**MATERIAL TO PROCESS:**
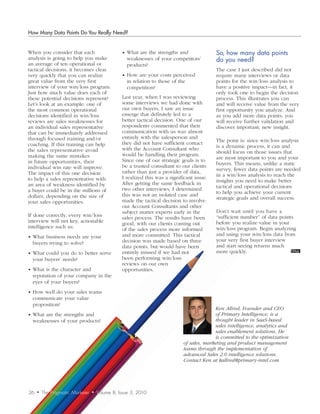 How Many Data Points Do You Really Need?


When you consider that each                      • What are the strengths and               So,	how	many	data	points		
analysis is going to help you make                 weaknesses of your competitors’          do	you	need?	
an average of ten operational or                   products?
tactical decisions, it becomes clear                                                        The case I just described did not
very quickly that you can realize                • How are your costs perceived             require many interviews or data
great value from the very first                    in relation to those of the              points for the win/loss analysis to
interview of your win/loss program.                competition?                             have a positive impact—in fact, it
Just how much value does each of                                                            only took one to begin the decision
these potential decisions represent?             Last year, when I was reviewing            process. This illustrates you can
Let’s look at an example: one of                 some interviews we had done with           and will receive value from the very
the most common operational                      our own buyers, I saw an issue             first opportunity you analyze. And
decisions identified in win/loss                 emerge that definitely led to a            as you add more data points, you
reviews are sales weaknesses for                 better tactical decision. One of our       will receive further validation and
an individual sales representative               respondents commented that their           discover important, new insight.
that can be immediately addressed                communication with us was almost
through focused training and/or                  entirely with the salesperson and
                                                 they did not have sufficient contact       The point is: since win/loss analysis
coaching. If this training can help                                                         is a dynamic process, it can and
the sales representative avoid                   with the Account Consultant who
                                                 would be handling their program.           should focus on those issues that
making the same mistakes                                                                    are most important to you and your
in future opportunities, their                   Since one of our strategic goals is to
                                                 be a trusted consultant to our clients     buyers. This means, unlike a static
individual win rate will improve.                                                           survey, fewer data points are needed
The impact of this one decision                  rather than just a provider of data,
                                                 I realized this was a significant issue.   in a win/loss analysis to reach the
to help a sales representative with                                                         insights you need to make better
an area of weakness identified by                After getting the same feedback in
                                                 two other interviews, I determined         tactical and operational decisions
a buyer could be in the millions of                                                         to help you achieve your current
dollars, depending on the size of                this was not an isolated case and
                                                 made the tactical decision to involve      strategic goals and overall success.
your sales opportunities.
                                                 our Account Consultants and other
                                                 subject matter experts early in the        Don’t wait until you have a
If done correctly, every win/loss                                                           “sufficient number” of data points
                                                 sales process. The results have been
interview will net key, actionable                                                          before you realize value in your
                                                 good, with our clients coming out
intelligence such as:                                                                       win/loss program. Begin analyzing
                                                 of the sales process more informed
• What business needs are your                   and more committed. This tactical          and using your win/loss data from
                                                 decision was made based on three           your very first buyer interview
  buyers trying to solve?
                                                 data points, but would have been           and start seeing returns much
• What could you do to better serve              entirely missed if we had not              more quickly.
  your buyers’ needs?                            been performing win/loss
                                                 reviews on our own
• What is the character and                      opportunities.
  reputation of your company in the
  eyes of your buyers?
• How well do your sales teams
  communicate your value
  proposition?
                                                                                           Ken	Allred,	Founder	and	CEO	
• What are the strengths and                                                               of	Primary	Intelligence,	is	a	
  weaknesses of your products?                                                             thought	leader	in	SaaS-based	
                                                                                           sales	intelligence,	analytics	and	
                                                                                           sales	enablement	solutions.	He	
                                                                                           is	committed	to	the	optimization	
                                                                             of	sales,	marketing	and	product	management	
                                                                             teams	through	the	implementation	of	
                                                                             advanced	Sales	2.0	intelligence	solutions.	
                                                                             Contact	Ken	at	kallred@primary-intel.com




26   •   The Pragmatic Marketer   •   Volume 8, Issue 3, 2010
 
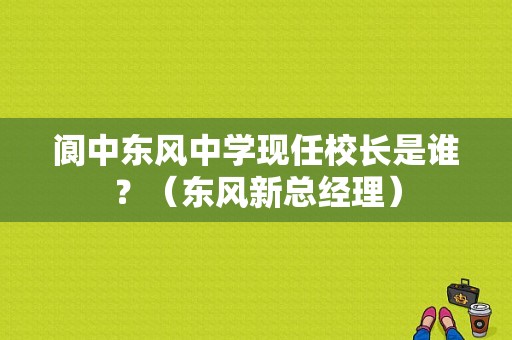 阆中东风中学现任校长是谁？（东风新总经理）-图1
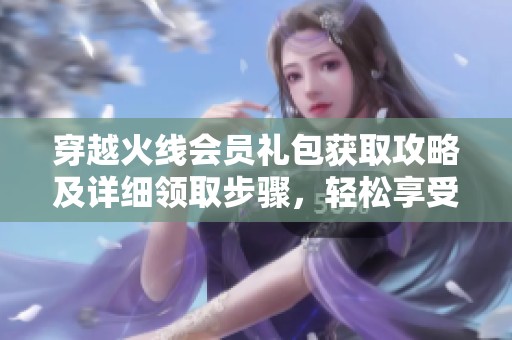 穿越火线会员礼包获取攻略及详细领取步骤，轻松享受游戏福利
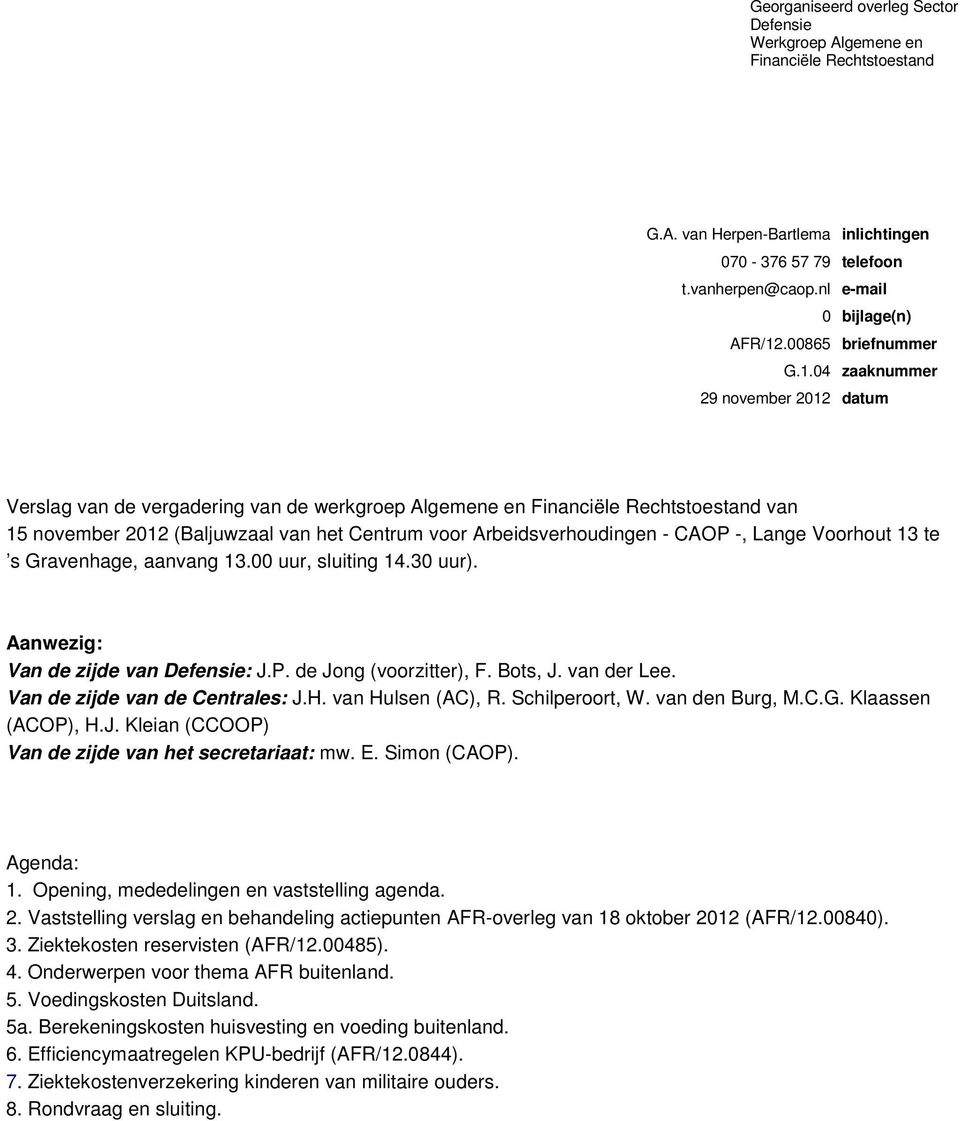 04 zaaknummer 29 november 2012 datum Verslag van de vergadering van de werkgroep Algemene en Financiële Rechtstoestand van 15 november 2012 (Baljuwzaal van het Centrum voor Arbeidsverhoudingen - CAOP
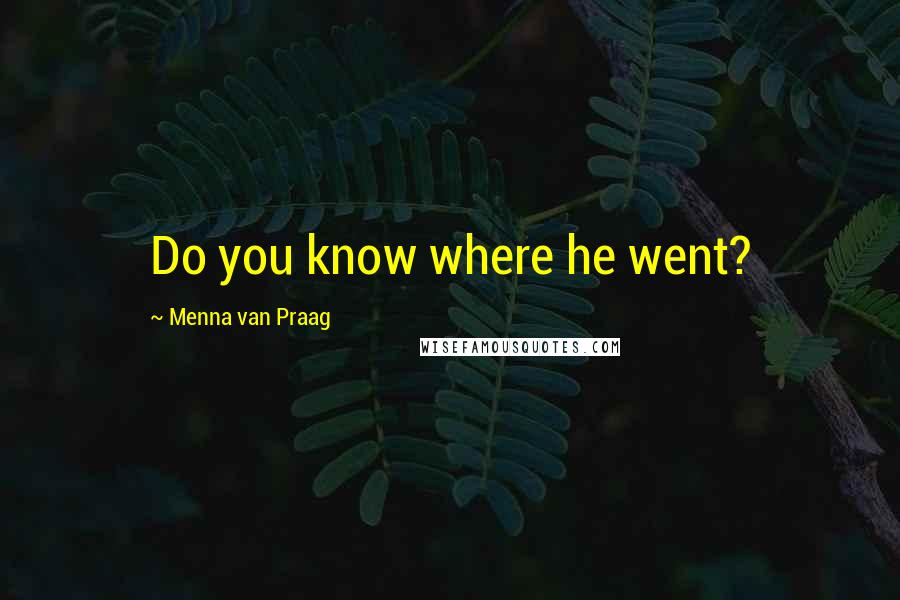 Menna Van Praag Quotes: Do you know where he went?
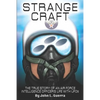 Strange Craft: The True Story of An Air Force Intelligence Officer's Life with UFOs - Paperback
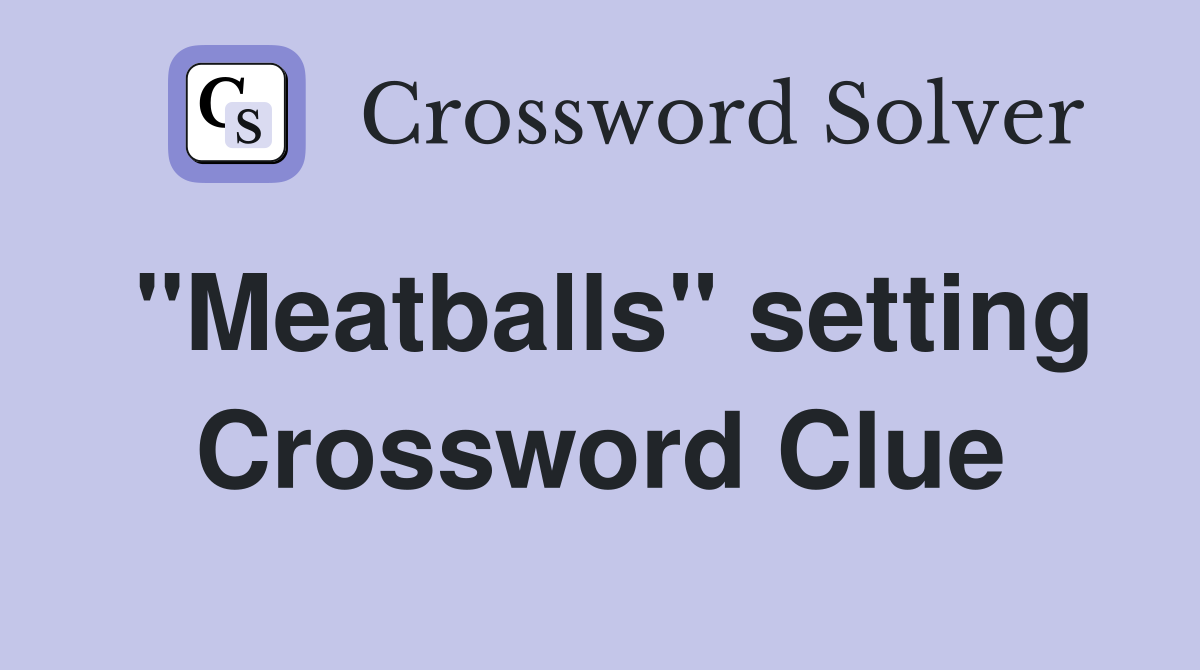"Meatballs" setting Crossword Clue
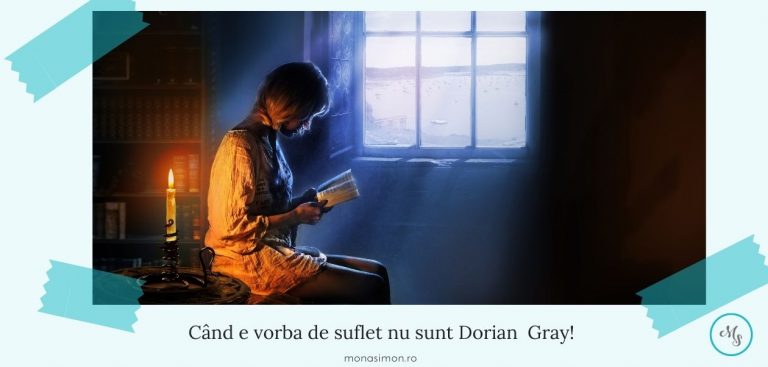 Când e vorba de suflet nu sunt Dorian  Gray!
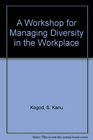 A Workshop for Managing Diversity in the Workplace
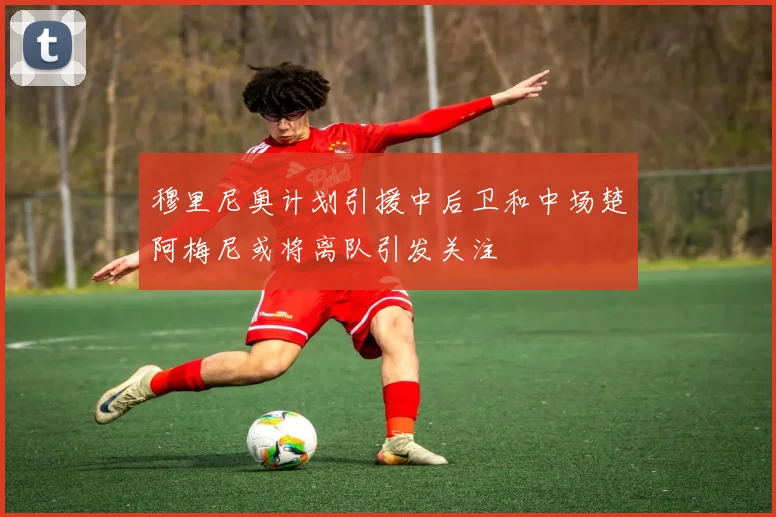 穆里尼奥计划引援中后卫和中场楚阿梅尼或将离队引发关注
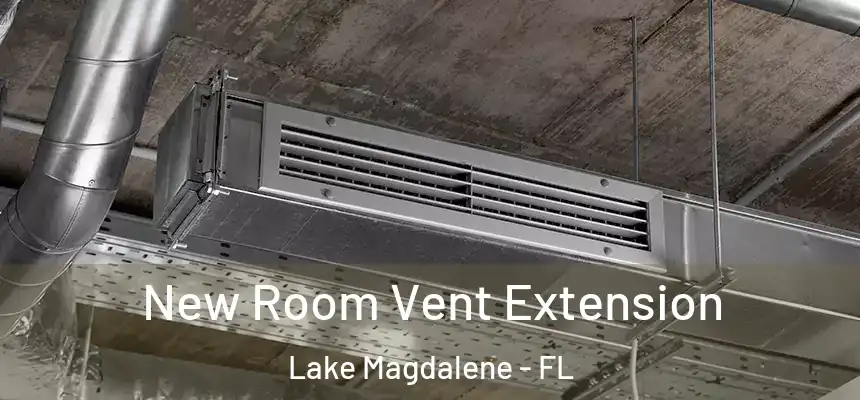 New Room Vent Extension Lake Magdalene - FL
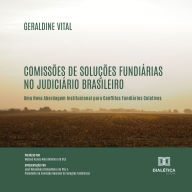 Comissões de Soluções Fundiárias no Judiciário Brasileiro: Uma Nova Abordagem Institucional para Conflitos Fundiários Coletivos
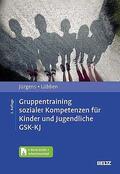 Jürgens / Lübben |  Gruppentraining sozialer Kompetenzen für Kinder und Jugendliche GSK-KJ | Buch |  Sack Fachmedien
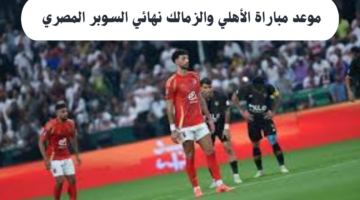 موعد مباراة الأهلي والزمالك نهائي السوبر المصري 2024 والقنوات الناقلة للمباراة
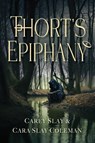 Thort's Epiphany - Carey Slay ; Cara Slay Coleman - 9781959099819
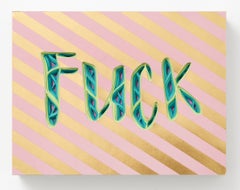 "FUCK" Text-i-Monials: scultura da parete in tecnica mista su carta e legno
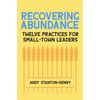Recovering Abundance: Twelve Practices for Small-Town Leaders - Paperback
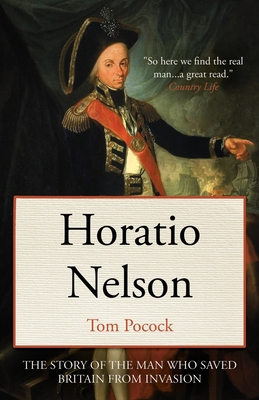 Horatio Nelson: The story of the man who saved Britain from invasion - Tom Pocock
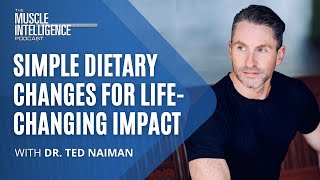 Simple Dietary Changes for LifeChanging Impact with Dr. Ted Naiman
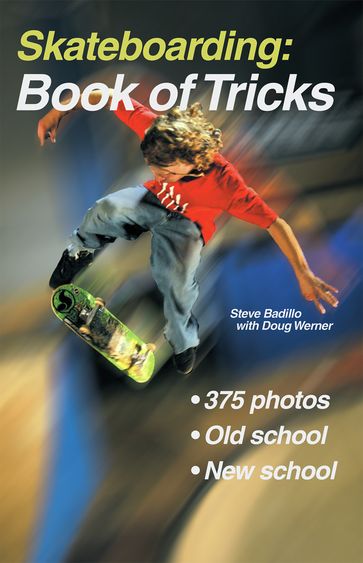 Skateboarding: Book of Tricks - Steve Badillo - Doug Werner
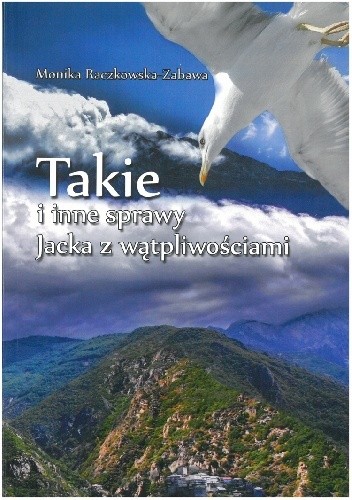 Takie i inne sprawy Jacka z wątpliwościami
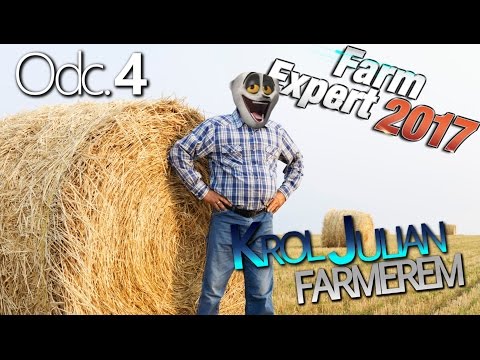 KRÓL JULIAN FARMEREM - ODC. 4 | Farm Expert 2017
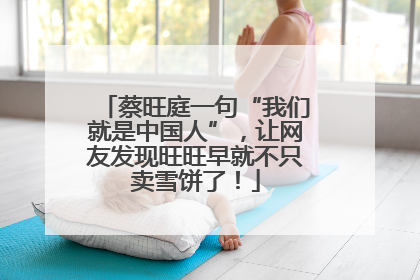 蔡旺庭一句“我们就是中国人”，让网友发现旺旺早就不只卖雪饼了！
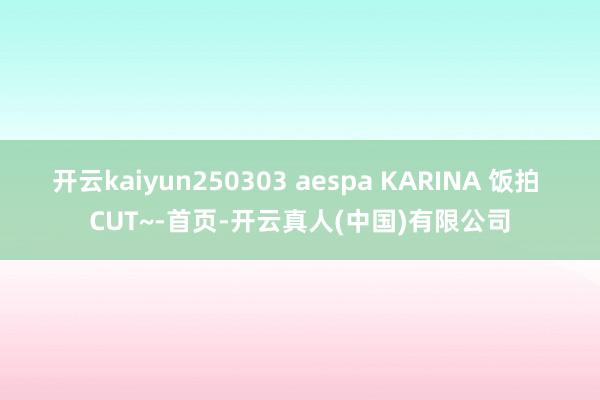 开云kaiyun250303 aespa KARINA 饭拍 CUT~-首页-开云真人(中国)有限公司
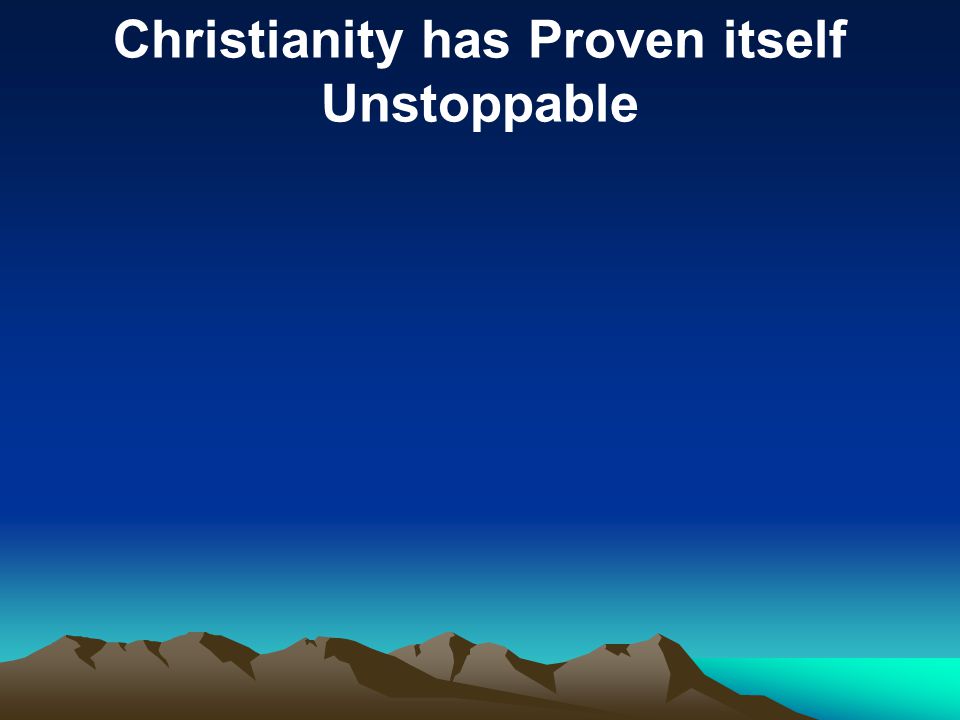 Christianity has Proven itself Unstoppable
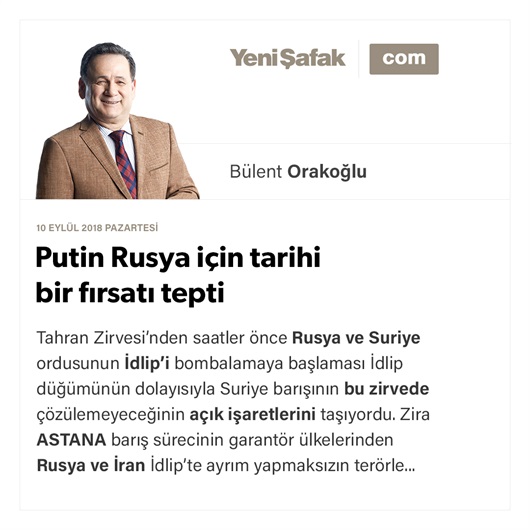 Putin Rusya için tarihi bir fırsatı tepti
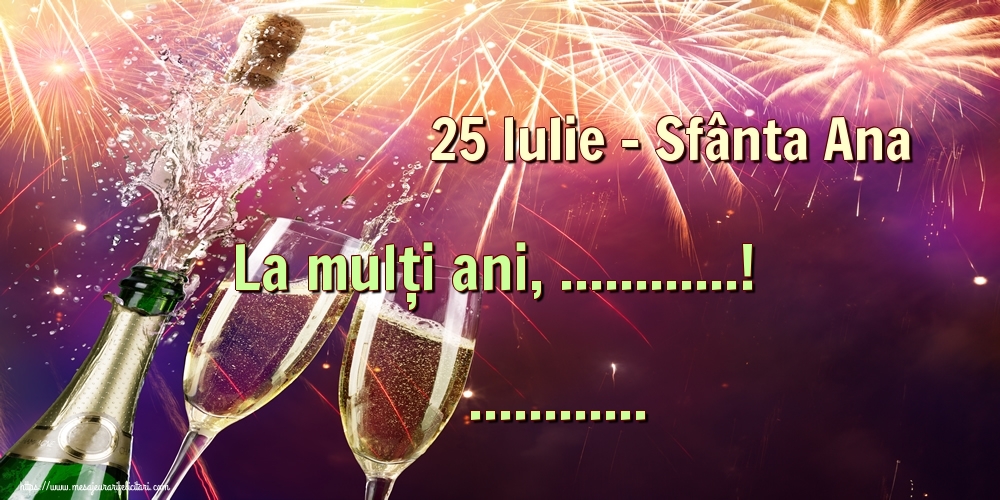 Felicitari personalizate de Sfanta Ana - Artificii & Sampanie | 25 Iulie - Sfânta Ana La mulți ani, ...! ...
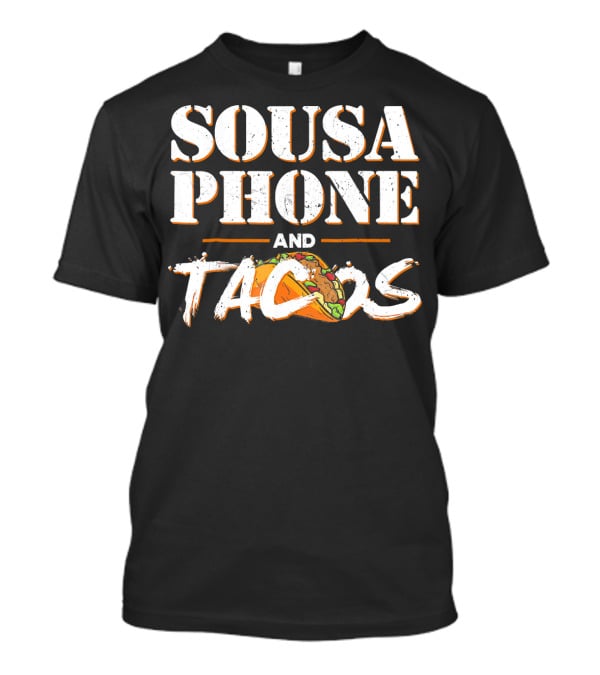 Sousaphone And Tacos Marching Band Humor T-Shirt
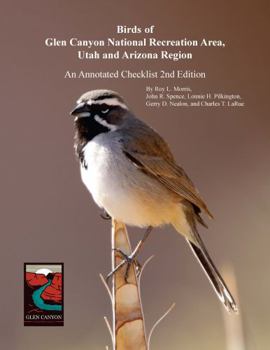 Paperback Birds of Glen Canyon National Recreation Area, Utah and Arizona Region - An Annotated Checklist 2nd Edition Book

**EXERCISE PROMPT:**
The images in the entries above should be left out; please reproduce exactly the lines from the first through the one containing "great value from".

**REPLY TO THE EXERCISE:**
 How Many Data Points Do You Really Need?


When you consider that each                      • What are the strengths and               So,	how	many	data	points		
analysis is going to help you make                 weaknesses of your competitors’          do	you	need?	
an average of ten operational or                   products?
tactical decisions, it becomes clear                                                        The case I just described did not
very quickly that you can realize                • How are your costs perceived             require many interviews or data
great value from the very first                    in relation to those of the              points for the win/loss analysis to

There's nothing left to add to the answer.